KJF 2017: Cantora brasileira Maria Gadú foi a grande atração da noite acompanhada de Mayra Andrade

 

Cidade da Praia, 15 Abr (Inforpress) –  A artista brasileira Maria Gadú, que actua pela primeira num palco em Cabo Verde foi a “grande atracção” da noite do segundo dia do Kriol Jaz Festival 2017 (KJF) num show onde partilhou o palco com Mayra Andrade.

O segundo dia do KJF que foi marcado pelo atraso, tendo começado por volta das 21:00, com o acto de homenagem ao violinista Humberto Bettencourt “Humbertona”.

Para o efeito foi exibido um vídeo com vários testemunhos de artistas e familiares, tendo ainda o homenageado recebido um retrato da artista plástica Leomar (Leontina Ribeiro).

Humbertona disse à imprensa, estar “lisonjeado” por este reconhecimento, que no seu entender quer dizer que deu uma “contribuição válida” para a música e a cultura cabo-verdiana.
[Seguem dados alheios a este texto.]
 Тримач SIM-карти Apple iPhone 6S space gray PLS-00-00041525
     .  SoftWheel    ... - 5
Em termos que actuação musical o primeiro artista a subir ao palco por volta das 21:30, foi o também compositor e baterista cabo-verdiano Grece Évora, que já está a preparar um novo trabalho discográfico, tendo cantado a primeira música no comando da bateria.

Do seu repertório as coladeiras de Manuel de Novas dominaram o seu concerto fazendo-se acompanhar da banda que veio de Holanda composto por Djoy Delgado (Teclado), Johnny Fonseca (Guitarra) e Danilo Tavares, segundo Grece Évora, “grandes músicos”que infelizmente lamenta terem estado ausentes dos festivais nacionais.
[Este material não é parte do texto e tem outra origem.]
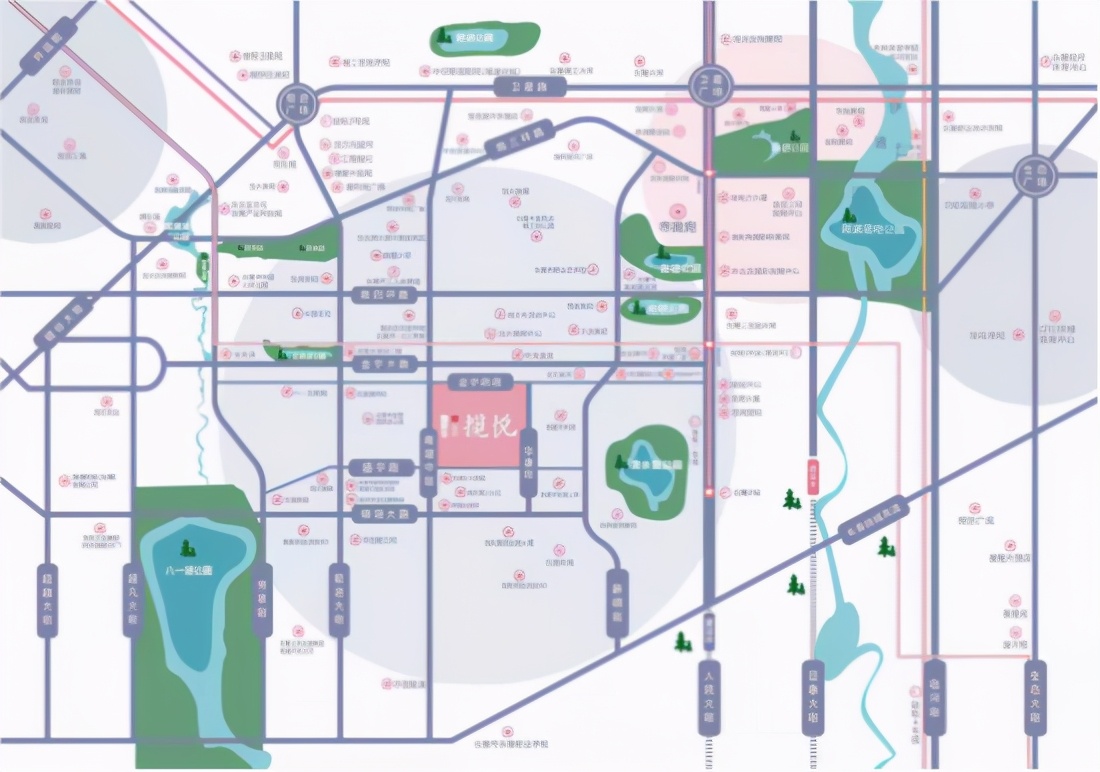 长春新星宇地产排名,长春新星宇楼盘质量怎么样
A actuação deste artista considerado uma das grandes vozes da música cabo-verdiana, contou ainda com a colaboração do espanhol executante da harmónica, António Serrano, ajudando-o a conquistar “muitos aplausos” por parte do público, principalmente no tema “Lolita”.

Grece Évora que fez um desabafo, dizendo que estava num “palco diferente”, na sua actuação tentou fazer uma “mistura do jazz” e para fechar a sua participação despois de cantar “Se Deus Quiser” ao som de “El é Sabim” em que o público cantou e dançou.

A segunda actuação da noite foi da artista americana com raízes hatiana Leyla McCalla que trouxe a “tradição haitiana” por volta das 23:43, tendo sido muito aplaudido por parte do público, principalmente no tema cabo-verdiano “Saudade”, que “contagiou” os presentes.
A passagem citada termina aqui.